How about the above is so much easier to read over than to actually put into practice. Personally, I am pretty decent at letting things go. I do not hold grudges for years or even days. Once I forgive, I do work earnestly to move beyond the situation (too bad, I am not very successful at the forgetting part). It may take a while but eventually, with God's help, I move on.
However, there are times when I feel like a good dose of payback is just what the good doctor ordered. At peace with everyone? Who does that? I cannot remember the last time I actually took revenge out on someone but I know I have plotted. Then that Jesus Walk thing pops into my head and I know to leave it for God. Right. He will take care of things. Personally, I would like to see him deal with it right away, on my time table. It is not easy to let it go and know that God will handle it. On top of that, He wants us to kill them with kindness. Is not asking a lot?

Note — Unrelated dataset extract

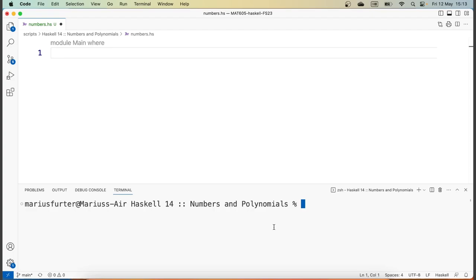Welcome. In this video, we're going to explore some pre-existing modules that implement rational numbers, complex numbers, and also polynomials. The first two modules are part of the Haskell Standard Library, so we can just go ahead and import them without any trouble, whereas the last module for polynomials is something that we'll have to install in order to use it.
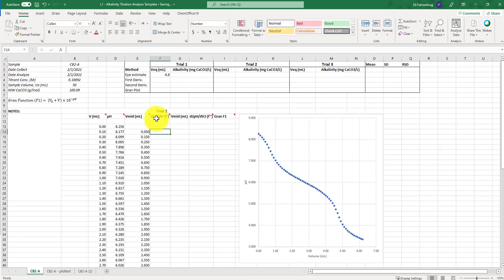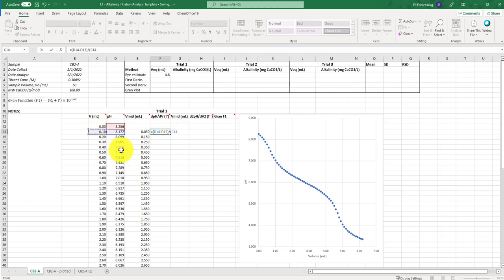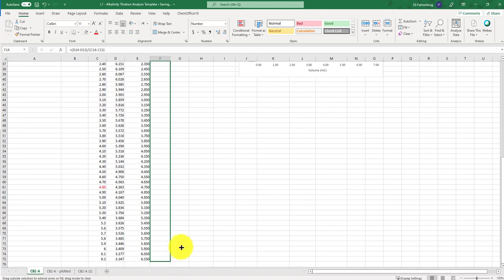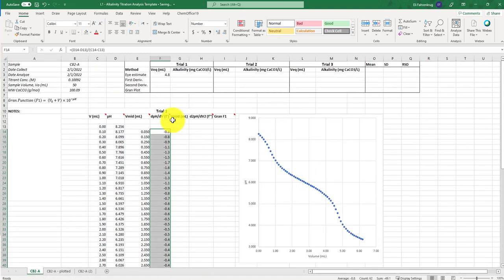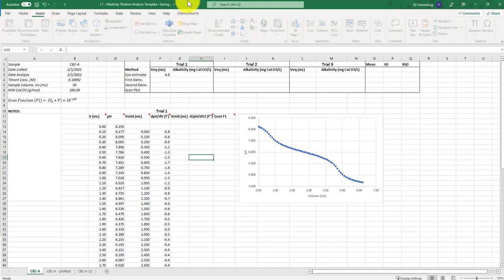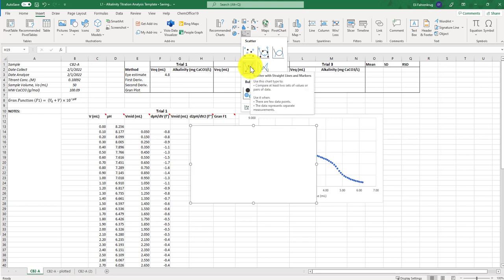I'm going to delete the placeholder and now compute the dpH/dV parameter. I'll set up the formula by taking the difference between sequential pH values and dividing by the difference between sequential volume values. Now we have the change in pH divided by the change in volume for each of these points — that's the slope, the rise over run. I can click and drag to compute all the way down.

Of course it is. The bottom line is that we must try. It is not some silly notion because it actually benefits our spirit. Instead of being filled with anger or evil plotting, we can be filled with peace. We can let it go and focus our energies on more productive areas of our lives. It does make sense. Lastly, faithful to God in not only our thoughts but also our deeds will sow powerful seeds. God will protect us and take care of us for staying faithful to his word. It is hard to keep all that in perspective sometimes. From experience, I would rather banish the hurt and anger, leaving it with God, and envelope myself in peace, God's peace.